Presentation of ARMAGNAC
Dernière mise à jour : 6 oct.
Cognac Show London, April 22/23 2022
Armagnac is a grape brandy produced primarily from four grape varieties (Ugni Blanc, Folle Blanche, Baco 22A and Colombard), although 10 are permitted. Made in the Gascony region of France to the south of Bordeaux (split into three areas: Bas Armagnac, Tenareze and Haut Armagnac), it is distilled only once and often aged for many decades.
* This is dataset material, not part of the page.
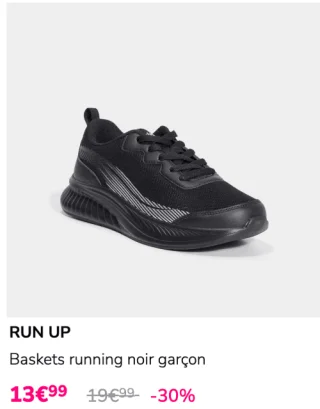 Baskets running noir garçon RUN UP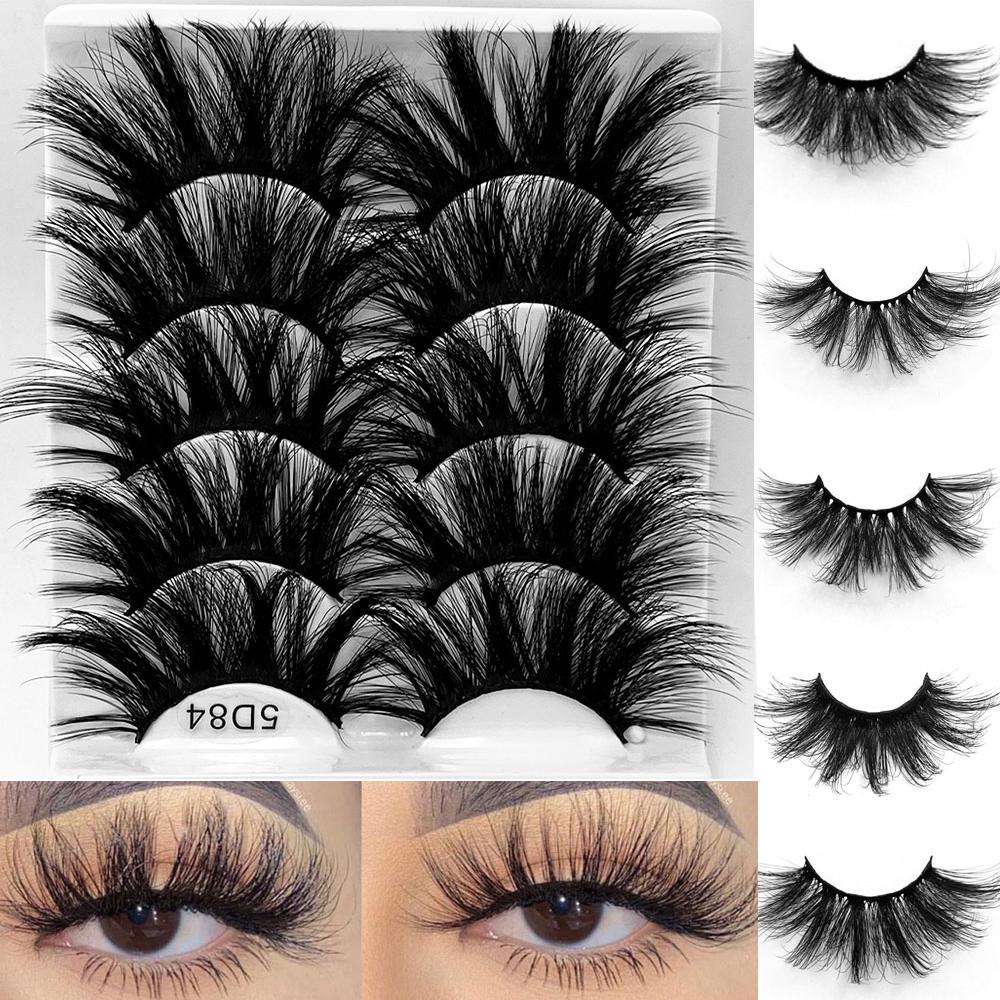 Set 5 Cặp Lông Mi Giả 5D Dày Dặn Nối Dài Lông Chồn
Believed to be the oldest brandy in France, the first written record of Armagnac dates from 1411, meaning it predates Cognac by at least 200 years. Due to the location of the region (away from the coast), it remained a local product until the River Baise was canalised in the 19th century and exportation became easier.
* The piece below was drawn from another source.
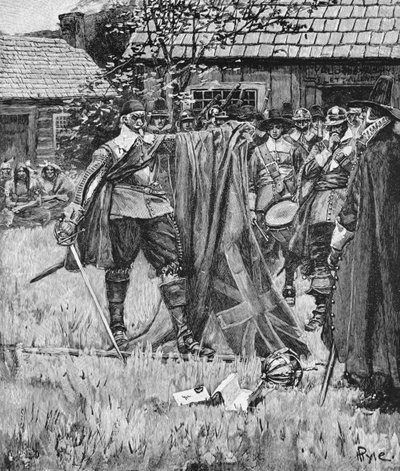 Endicott Cortando la Cruz de la Bandera Inglesa, ilustración de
Originally produced in large alembic stills, a local peasant created the Verdier still, patented in 1818. This new type of still allowed more of the flavour to be retained from the original wine, thus increasing complexity and setting it apart from Cognac. The resulting spirit is then aged in oak, normally 400-litre Limousin casks, for at least two years before it can be called Armagnac.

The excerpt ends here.